The Reserve Bank of Australia has met yesterday and interestingly has reiterated our views that we shared in my blog yesterday that the regulatory crackdown instituted by APRA is only a stop gap measure which is unlikely to have long-lasting effects on slowing down the investment market and growth of property prices.
The Governor of the RBA, Phillip Lowe, announced yesterday that boosting supply in the property market is the only way to break the trend of property values growing at a pace faster than incomes. Basic economics shows that prices are driven by the principles of supply and demand and this is our prevailing view.
Victorian and New South Wales State Government are also putting in measures to cool the housing market under control. To this end, the State Government of Victoria’s Minister for Planning has announced changes to reform development policy. These changes allow for greater development, by increasing the height limit of dwellings, number of storeys which can be built, and allowing more dwellings to be built on one lot.
While it is easy to see how these measures may ease the lack of supply in sought after suburbs, they have been met with resistance by locals and councils alike.

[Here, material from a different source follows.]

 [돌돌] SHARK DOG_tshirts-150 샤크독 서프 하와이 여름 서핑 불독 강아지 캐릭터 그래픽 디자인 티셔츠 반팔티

The author has received a letter from the City of Boroondara (shown below) outlining the detrimental effects these changes will have on neighbourhood character, streetscapes, residential amenities, population density and ultimately (although not specifically mentioned), property value. The council even goes so far as to urge owners and occupants to email the Minister with their concerns.
This highlights the tensions and competing interests in the Melbourne and Sydney property market. Particularly between first home buyers who are struggling to get their foot in the door, and on the other side of the fence (pun intended), property owners who want to protect the value of their assets. It is this struggle between competing interests which makes the solution of ‘increasing supply’ deceptively complex.